Z wzajemnego oświetlania się tych kontekstów rodzi się metatekstowy komentarz dotyczący kulturowego uwikłania opowieści o malarstwie snutej w Ogrodzie rozkoszy ziemskich, czy jak byśmy powiedzieli, posługując się pojęciem Wolfganga Welscha, transkulturowego przenikania się różnych znaków i treści kulturowych zarówno w układzie synchronicznym, jak i diachronicznym. Claudia przekraczała metodę Panofsky’ego, poszukując oprócz naukowej faktografii także wiedzy wynikającej z indywidualnego odbioru, ale również podkreślając rolę bezpośredniego doświadczenia; Majewski na podobnej zasadzie pozwala widzowi eksplorować wątki przez niego podsunięte.

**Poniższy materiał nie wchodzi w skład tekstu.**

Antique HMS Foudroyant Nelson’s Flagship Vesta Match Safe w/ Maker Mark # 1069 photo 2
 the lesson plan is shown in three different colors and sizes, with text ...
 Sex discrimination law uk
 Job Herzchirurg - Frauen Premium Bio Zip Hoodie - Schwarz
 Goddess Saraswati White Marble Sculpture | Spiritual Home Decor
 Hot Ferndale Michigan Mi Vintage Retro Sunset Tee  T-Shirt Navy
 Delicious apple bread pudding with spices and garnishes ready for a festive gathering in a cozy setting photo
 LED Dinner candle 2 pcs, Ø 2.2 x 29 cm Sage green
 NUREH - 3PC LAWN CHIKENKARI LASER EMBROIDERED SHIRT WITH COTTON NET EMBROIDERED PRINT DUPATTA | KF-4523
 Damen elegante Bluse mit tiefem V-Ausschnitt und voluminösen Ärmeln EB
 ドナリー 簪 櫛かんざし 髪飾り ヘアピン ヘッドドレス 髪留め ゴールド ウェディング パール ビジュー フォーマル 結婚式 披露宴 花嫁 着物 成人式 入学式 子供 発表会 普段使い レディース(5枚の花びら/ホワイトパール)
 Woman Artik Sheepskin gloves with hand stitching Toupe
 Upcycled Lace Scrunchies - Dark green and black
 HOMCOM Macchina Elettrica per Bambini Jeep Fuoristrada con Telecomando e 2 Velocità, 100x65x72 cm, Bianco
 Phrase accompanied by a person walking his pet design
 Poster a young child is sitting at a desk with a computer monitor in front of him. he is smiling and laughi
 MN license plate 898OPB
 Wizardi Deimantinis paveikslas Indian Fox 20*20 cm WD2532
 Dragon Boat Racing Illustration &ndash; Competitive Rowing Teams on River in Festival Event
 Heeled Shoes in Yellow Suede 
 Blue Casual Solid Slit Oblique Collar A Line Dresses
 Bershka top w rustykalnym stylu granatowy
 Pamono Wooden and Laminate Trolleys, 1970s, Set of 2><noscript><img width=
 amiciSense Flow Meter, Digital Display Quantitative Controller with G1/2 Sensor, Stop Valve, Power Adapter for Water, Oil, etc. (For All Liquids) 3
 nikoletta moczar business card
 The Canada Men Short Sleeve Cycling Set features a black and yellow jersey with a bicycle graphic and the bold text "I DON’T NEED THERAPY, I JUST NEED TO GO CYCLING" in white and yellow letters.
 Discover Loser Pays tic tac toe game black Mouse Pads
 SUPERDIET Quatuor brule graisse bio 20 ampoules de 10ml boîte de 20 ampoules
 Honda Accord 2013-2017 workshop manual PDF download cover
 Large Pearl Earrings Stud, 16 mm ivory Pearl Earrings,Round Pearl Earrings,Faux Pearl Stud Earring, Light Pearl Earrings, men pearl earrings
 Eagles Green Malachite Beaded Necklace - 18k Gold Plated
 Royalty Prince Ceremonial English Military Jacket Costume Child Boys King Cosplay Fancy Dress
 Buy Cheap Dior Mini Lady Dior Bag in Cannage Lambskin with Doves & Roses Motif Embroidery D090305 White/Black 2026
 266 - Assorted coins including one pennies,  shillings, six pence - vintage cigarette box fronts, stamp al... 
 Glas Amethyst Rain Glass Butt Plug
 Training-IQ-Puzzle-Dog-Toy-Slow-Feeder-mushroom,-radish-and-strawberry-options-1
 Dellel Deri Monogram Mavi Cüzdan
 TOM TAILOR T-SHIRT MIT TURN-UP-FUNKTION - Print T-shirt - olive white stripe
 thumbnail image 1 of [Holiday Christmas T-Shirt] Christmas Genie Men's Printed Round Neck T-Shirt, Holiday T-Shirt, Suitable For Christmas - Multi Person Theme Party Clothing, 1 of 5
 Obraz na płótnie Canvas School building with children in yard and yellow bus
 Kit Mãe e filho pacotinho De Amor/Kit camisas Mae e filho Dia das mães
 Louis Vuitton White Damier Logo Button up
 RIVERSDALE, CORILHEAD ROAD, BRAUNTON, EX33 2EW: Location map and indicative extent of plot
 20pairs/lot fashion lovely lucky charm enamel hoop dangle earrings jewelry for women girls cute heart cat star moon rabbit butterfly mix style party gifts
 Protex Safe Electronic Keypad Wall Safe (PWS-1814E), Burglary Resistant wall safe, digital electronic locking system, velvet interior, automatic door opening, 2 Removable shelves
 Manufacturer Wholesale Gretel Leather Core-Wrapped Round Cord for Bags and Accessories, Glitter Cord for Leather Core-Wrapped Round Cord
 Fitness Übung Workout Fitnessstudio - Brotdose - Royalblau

Ostatnim elementem, na który chciałam zwrócić szczególną uwagę, są stricte estetyczne, intermedialne poszukiwania i transpozycje między obrazem filmowym a malarskim. Majewski niejako sugeruje, by analiza obrazu filmowego dokonywała się poprzez wydobywanie swoistej tekstury filmowych wizerunków, zależnej od technologicznego opracowania i użycia (obrazy rzutowane z projektora jako snop światła, monitor komputera czy ekran telewizora zmieniający obrazy w świecące piksele). Gdy Chris kontempluje obrazy cyfrowe, na których zarejestrował twarz partnerki, kiedy zwalnia je i zatrzymuje, mamy wrażenie, że reżyser-malarz podkreśla intermedialne przejście „od pigmentu do interfejsu”: Obraz cyfrowy stanowi pierwszą generację obrazu w pełni (…) transformowanego, bo złożonego z fizycznych cząstek dyskretnych – owych atomów obrazowych, jakimi są piksele. Możliwość manipulowania nimi, pełna dostępność i dyspozycyjność każdego piksela wobec transformacji stanowią o tym, co w obrazowości elektronicznej (przede wszystkim cyfrowej) pozwala dostrzec rodzaj dresingu właśnie, zastępującego pędzel i pigmenty malarza elektronicznym „kino-pędzlem”[31].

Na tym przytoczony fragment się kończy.